And it is financed, they told me, by charitable sources in Saudi Arabia, which cover the expenses. [These sources] also cover the expenses for people to study fiq, you know, Islamic law, while they are in Saudi Arabia. And these quote-unquote ‘charities’ in Saudi Arabia also provided the funding for the madrasa, for the pesantren, they call it in [Bahasa] Indonesian, the Islamic boarding school, complete with a big minaret, all of this looking quite dazzling in this tiny village on the north coast of Java. So, yes, I would say that the Saudi presence is there, and you can see the prestige associated with it, the temptations of money, the temptations of what I would call conspicuous Islam, Islam as collective identity politics.

Robert R. Reilly:

From what you have said, David, I would presume that you would agree with those who say that there probably is not going to be any fundamental reform movement within Islam that would allow the elements of modernity like democratic, constitutional government based upon the equality of all people unless it takes place in the Arab world. It cannot be exported to the Arab world because they would not acknowledge the legitimacy of it since it is not Arabic. Would that be fair to say?

David Pinault:

Well, I think that that is definitely fair to say. Of course, you and I know from long experience that making predictions is a very dicey business, okay, but I would tend to agree. I think that the optimal situation would be one in which change originates within the Arab world for reasons of cultural prestige that you have just mentioned, but you and I could be surprised. I mean experiments in Islamic thought are taking place, [and] I mean a lot of thinkers, for example, in places like the U.S.

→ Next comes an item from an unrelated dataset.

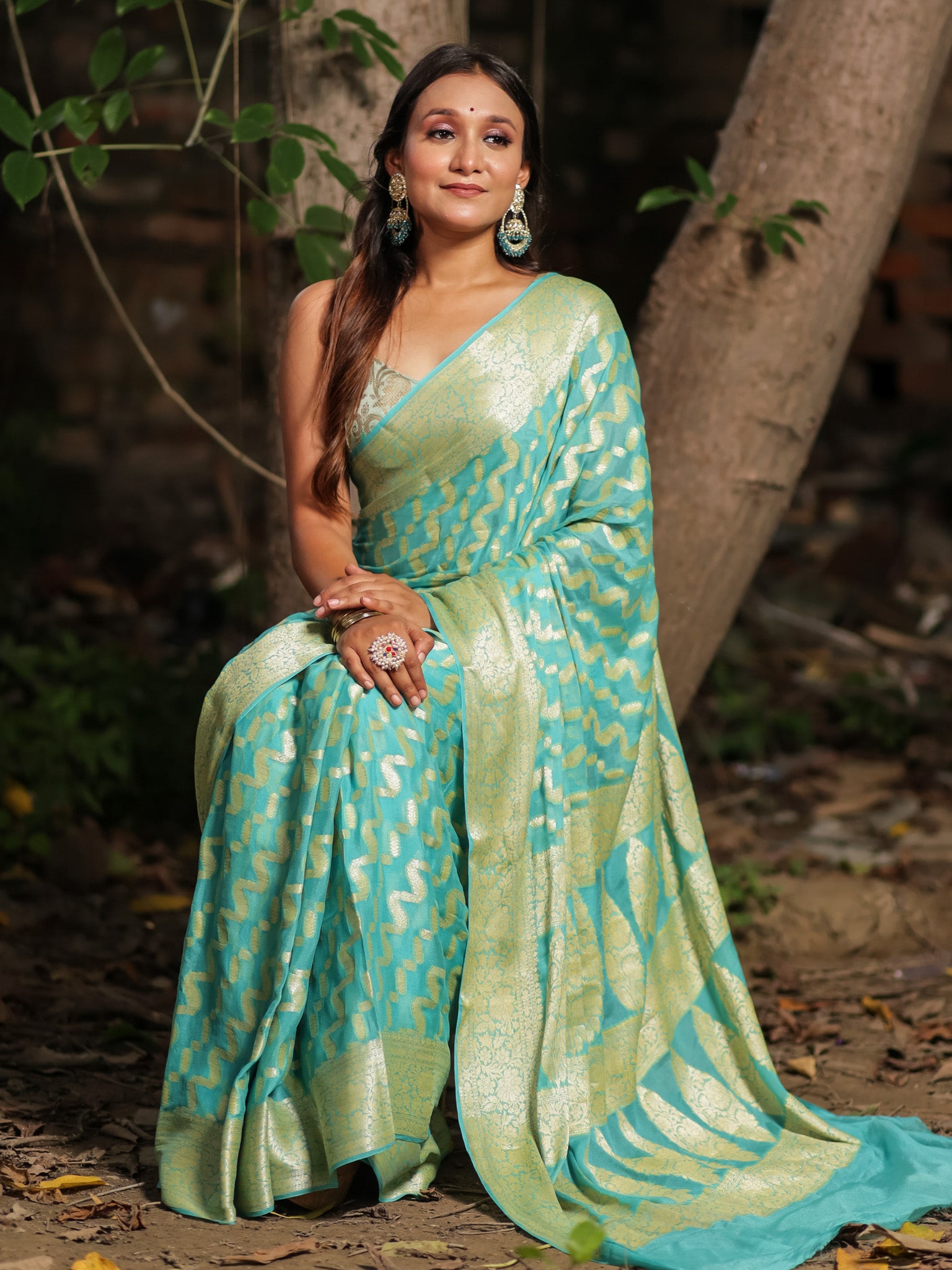 Banaras Pure Georgette Saree With Resham Weaving-Sky Blue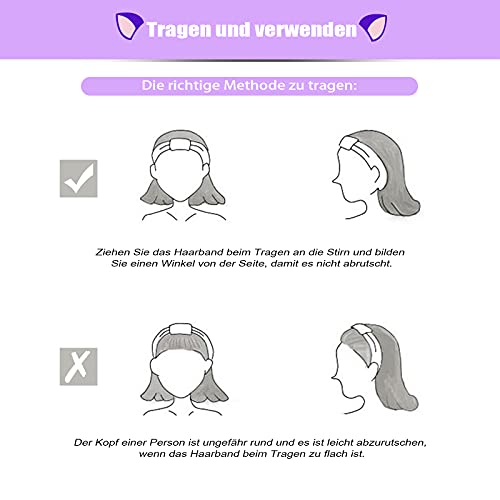 Haarband 6 Stück Stirnband Kosmetik Haarbänder mit Ohr für Frauen und Mädchen, Plüsch Stirnbänder Haarschmuck mit Maskenpinsel Gesichtschwamm und Haargummis für Gesicht Waschen und Make-up (Kätzchen)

One thing that I have found by visiting mosques in the United States is that many Muslims tell me that they would rather be a Muslim in the United States than anywhere else in the world. And I do not know if the viewers listening to this are surprised, but when you stop and think about it, you know, thoughtful Muslims again and again have said to me Islam, like any religion, needs space in which to be able to think freely. That is why Pakistan is in such trouble.

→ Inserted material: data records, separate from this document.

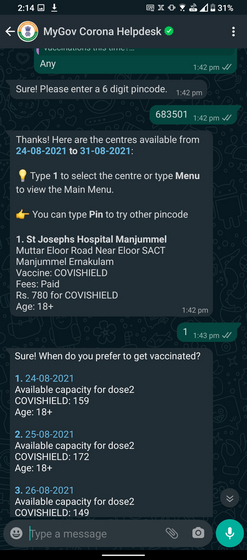 enter pincode and confirm date to Book COVID-19 Vaccination Slots WhatsApp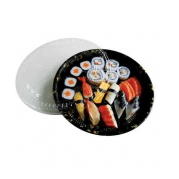 MC - 10" Sushi Tray With Lid Round Party Tray - 50 Sets - Bulk Mart
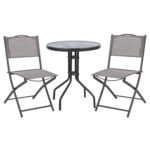 ΣΕΤ ΕΞ.ΧΩΡΟΥ 3ΤΜΧ LIMA HM21038.01 ΤΡΑΠΕΖΙ LIMA & 2 ΠΤΥΣΣΟΜΕΝΕΣ ΚΑΡΕΚΛΕΣ ΓΚΡΙ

As I mentioned in the book, Muslim intellectuals that I have interviewed in Pakistan have said to me the blasphemy law is bad, not just for the non-Muslims, but for the Muslims because it induces a kind of intellectual paralysis because it becomes impossible to think aloud any questions with regard to the Qur’an or the life of Prophet Muhammad, so it is a serious challenge.

Robert R. Reilly:

I recall one Muslim from Syria, who is now resident in Morocco, telling me that he thought he was in a theological prison and that he could not get out, and that Arabic was part of the prison until he learned French. He could not, but [he] finally did [break out of the prison]. The upheavals in the Middle East over the recent decades has been extraordinary [and] unpredictable. It is certainly led to expressions of hope as people would take to the streets in the Arab Spring, that finally these kinds of changes are coming to the Middle East, but it does not seem that the underlying cultural changes have taken place that would allow for those developments. I remember one Egyptian telling me there is a very simple reason why there Is no democracy in Egypt, it is because there are no democrats in Egypt. He left Egypt, by the way.

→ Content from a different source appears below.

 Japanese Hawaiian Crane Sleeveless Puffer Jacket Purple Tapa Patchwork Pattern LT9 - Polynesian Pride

I think the underlying presupposition of democratic, constitutional rule has to be the principle that all people are created equal. Do you see a possibility that that principle could be accepted within Islam?

David Pinault:

Well, this is a great challenge. What I would like to talk about in terms of possibilities for more liberal forms of thought in the contemporary Islamic world is the example offered by two scholars from Sudan, Mahmoud Mohammed Taha and his student, Abdullahi Ahmed an-Naim. And their controversial approach to the issue of Islam in the contemporary world is derived in part from a distinction between what are called the Meccan and the Medinan verses of the Qur’an. The Meccan verses are the chronologically earlier verses in the Qur’an, dating from between the year 610 and 622 in the Prophet Muhammad’s career. The Medinan verses, chronologically later, date from 622 until shortly before Muhammad’s death in 632.

Now, traditional tafsir or Qur’an interpretation whenever there seems to be any kind of conflict in interpretation, tends to prioritize the chronologically later verses over the earlier [verses], but what Taha proposed is prioritizing instead the Meccan verses because those are more universalist, he said, whereas the Medinan verses are more provisional and because the fact that during the Medinan period, Muhammad was engaged in warfare and conflict with his opponents, there tend to be, let us put it this way, more verses that can be interpreted along the lines of intolerance in the Medinan period, so Taha chose to emphasize the Meccan [verses].

And then extrapolating from that, what his student an-Naim has done is to say it is time for us to try to reconcile Sharia, Islamic law, with the United Nation Declaration on Universal Human Rights, and so what an-Naim has said is that wherever Sharia law conflicts with the UN Declaration on Universal Human Rights, then those aspects of the Sharia should be abrogated, done away with. And he identified three areas that need to be addressed in the Sharia: the status of women, the status of non-Muslims, and the status of slaves because as you may be aware, technically, slavery is still permitted under Sharia.

And I have met some Muslims who say, well, it does not really matter because there is not going to be any slavery today. Well, if you know anything about الدولة_الإسلامية ad-dawlat Islamiya, otherwise known as the Islamic State, it was precisely by appealing to the Sharia that Islamic State justified its enslavement of Yazidi women and other minorities during their so-called caliphate, so this is something that matters tremendously, but this idea that the Sharia has to be made to harmonize with what some Muslims dismiss as a merely Western document is quite controversial.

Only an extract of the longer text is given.